● **Problem description**:
Each line from the one containing "демонтували скульптуру Пушкіну" through the last line of the data below should be printed exactly, please, with any pictures omitted.

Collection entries
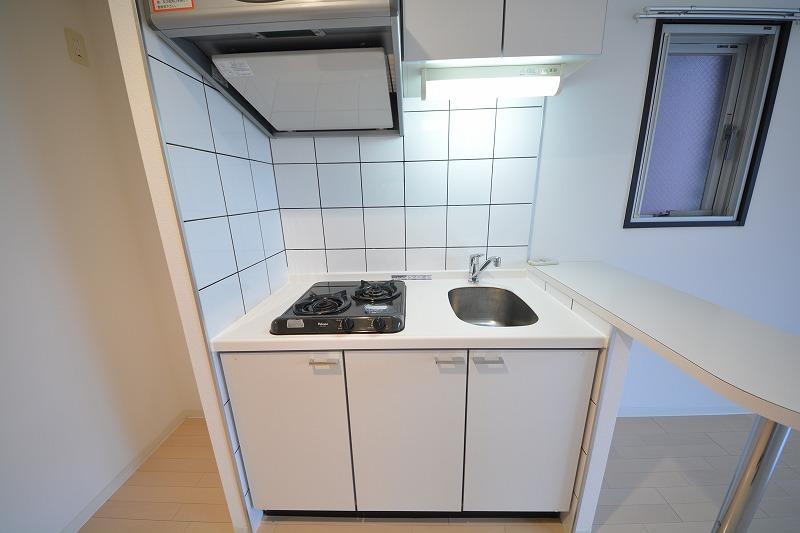 アーバンフラッツ上町のキッチン|アーバンフラッツ上町　ガス2口コンロシステムキッチン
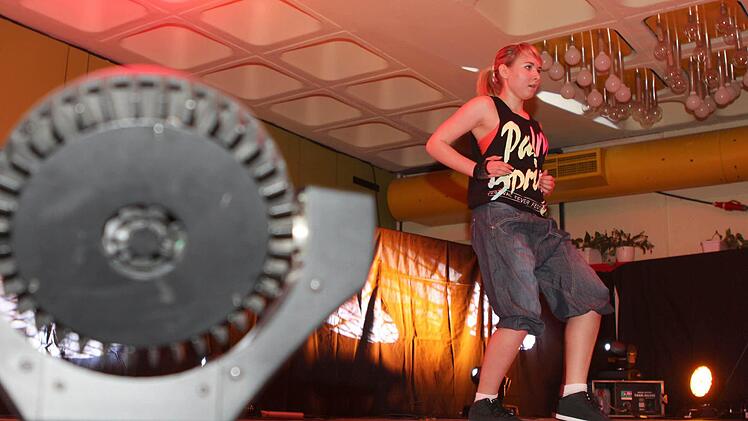Moderatorin Katja Luja machte auch beim Wettbewerb mit einer Hip-Hop-Choreografie mit.
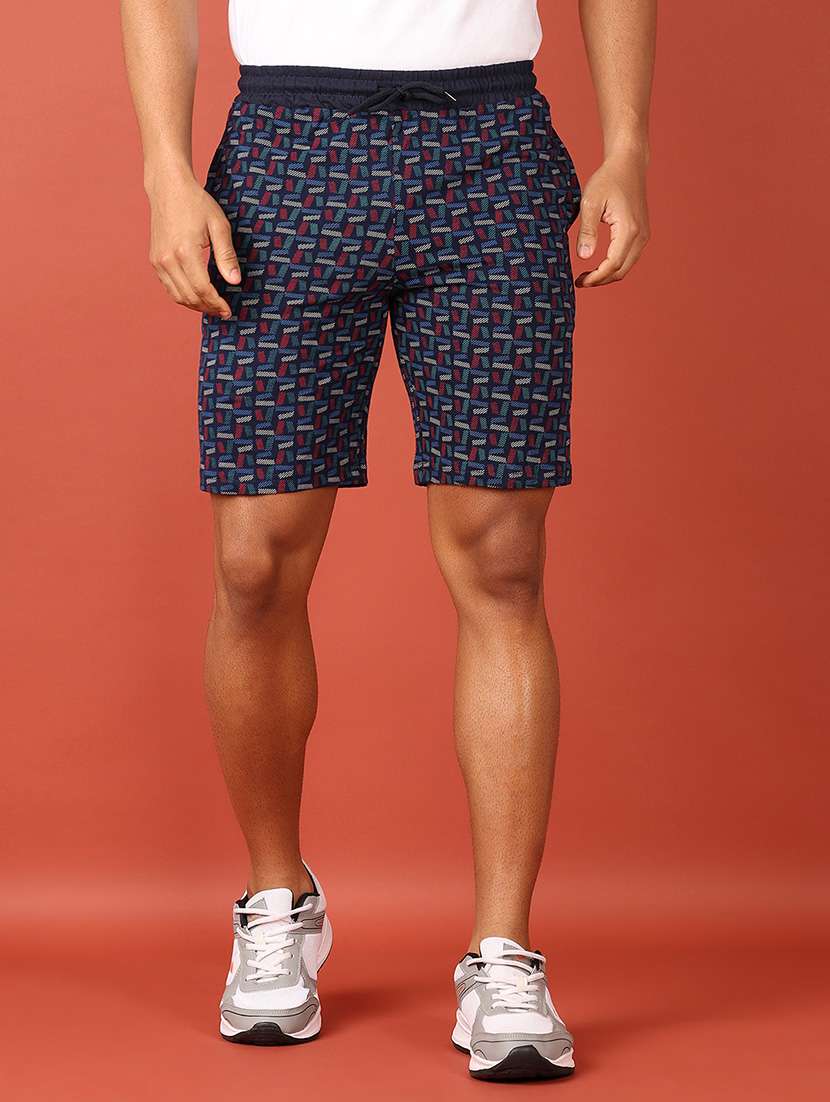 men mid rise printed shorts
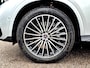 Mercedes-Benz GLC 300e 4MATIC Sport Edition | Trekhaak Wegklapbaar | Panoramadak | Burmester | 360° Camera | Memory Pakket | Stoelverwarming | Sfeerverlichting | DISTRONIC Afstandsassistent | Privacy Glas Achter | Dodehoekassistentie | Elektrisch Bedienbare Achterklep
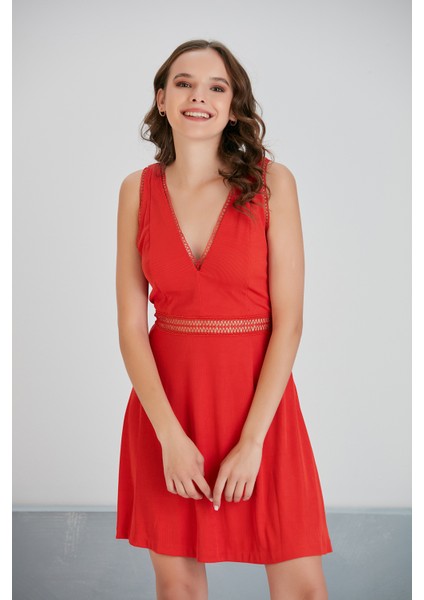 Kadın V Yaka Dokulu Yazlık Bel Detaylı A Kesim Nar Çiçeği Spor Şık Fermuarlı Askılı Tasarım Elbise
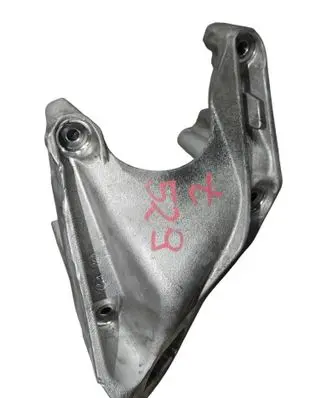 Mercedes-Benz G W464 Engine mounting bracket A1772234600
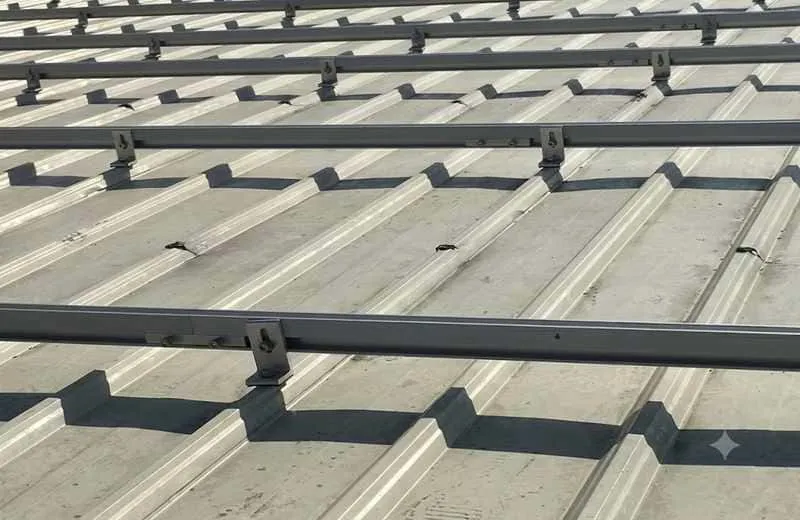 long solar rail row with splice joint support positions and project-specific expansion gap
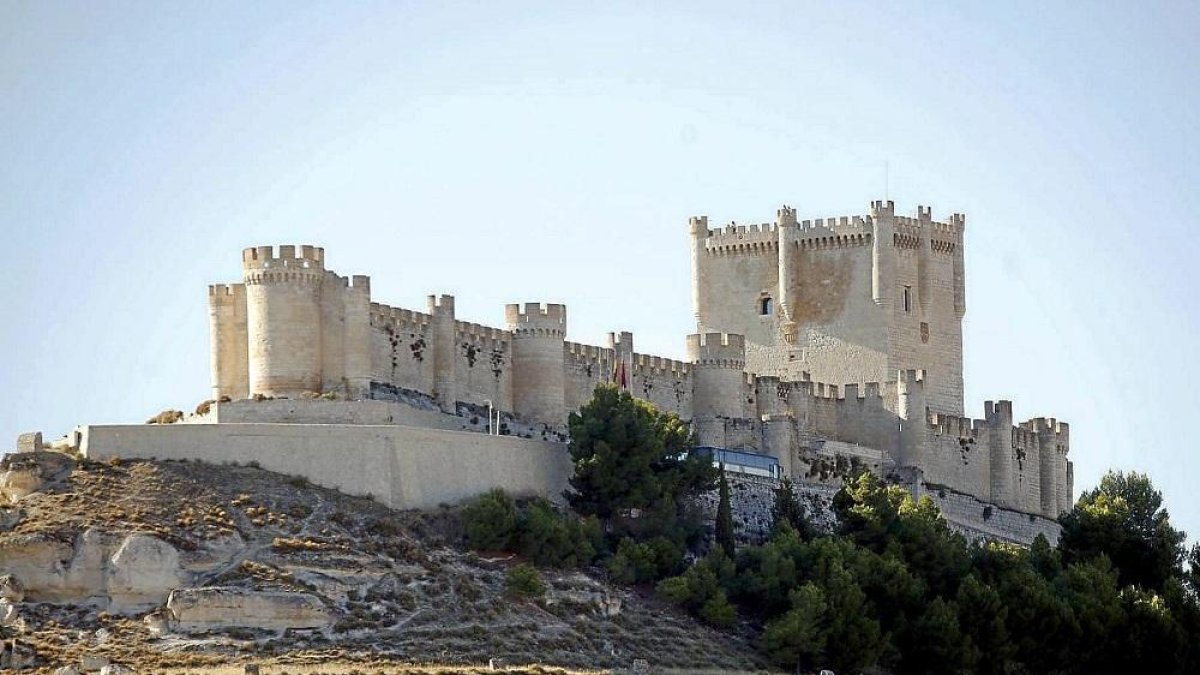 El castillo del municipio vallisoletano de Peñafiel, en una imagen de archivo.-E. M.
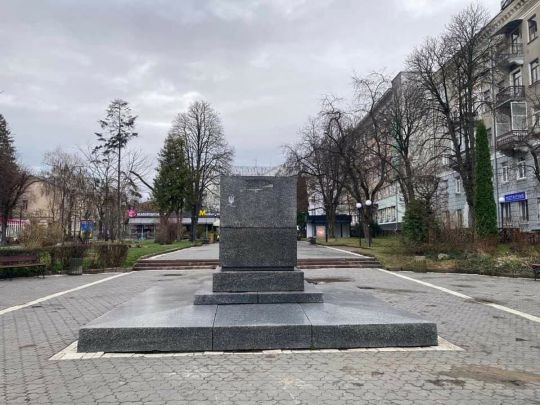 «Тут буде Меморіал Перемоги»: у Тернополі демонтували скульптуру Пушкіну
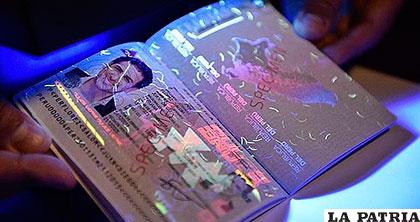 El pasaporte electrónico fue distinguido en México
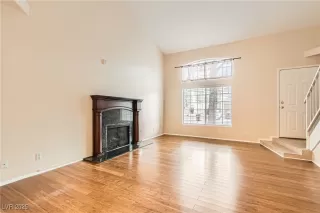 Photo #5: 2698509 Listing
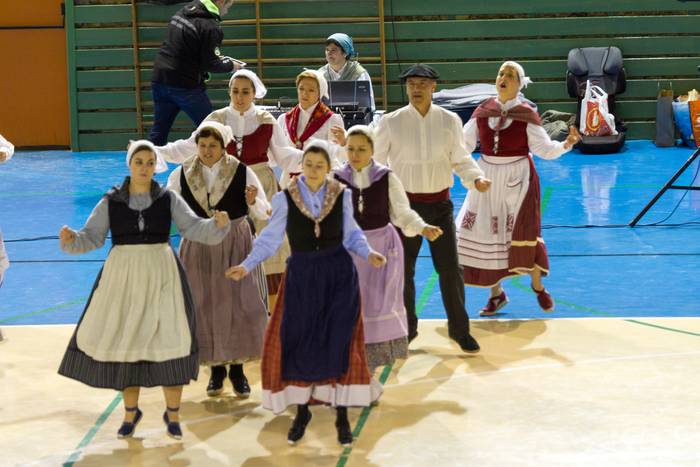 Itxarkundiak ehunka lagun ba 30 1513676922279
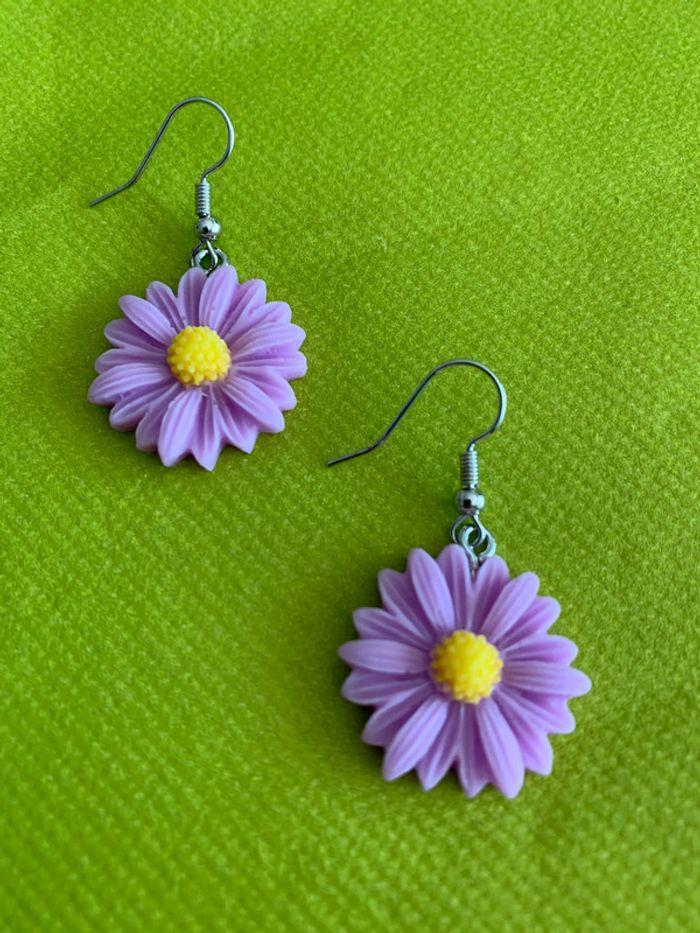 Boucles d’oreilles pendantes fleur marguerite violette en résine - photo numéro 3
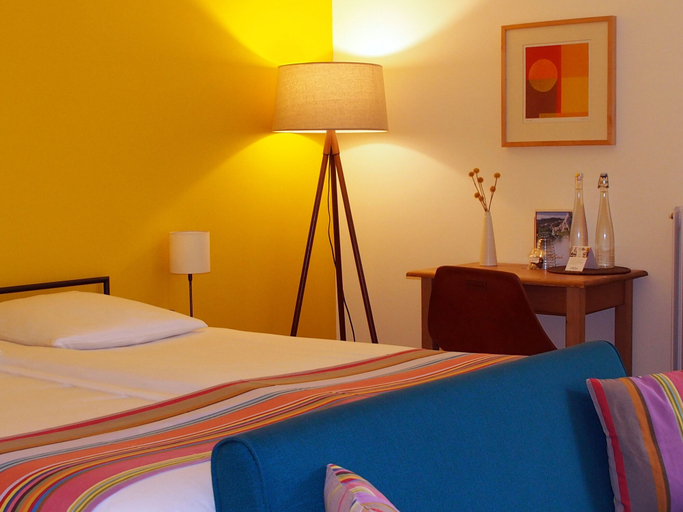 Bedroom 3, Le Moulin du Château, Alpes-de-Haute-Provence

● **Task answer**:
 «Тут буде Меморіал Перемоги»: у Тернополі демонтували скульптуру Пушкіну
 El pasaporte electrónico fue distinguido en México
 Photo #5: 2698509 Listing
 Itxarkundiak ehunka lagun ba 30 1513676922279
 Boucles d’oreilles pendantes fleur marguerite violette en résine - photo numéro 3
 Bedroom 3, Le Moulin du Château, Alpes-de-Haute-Provence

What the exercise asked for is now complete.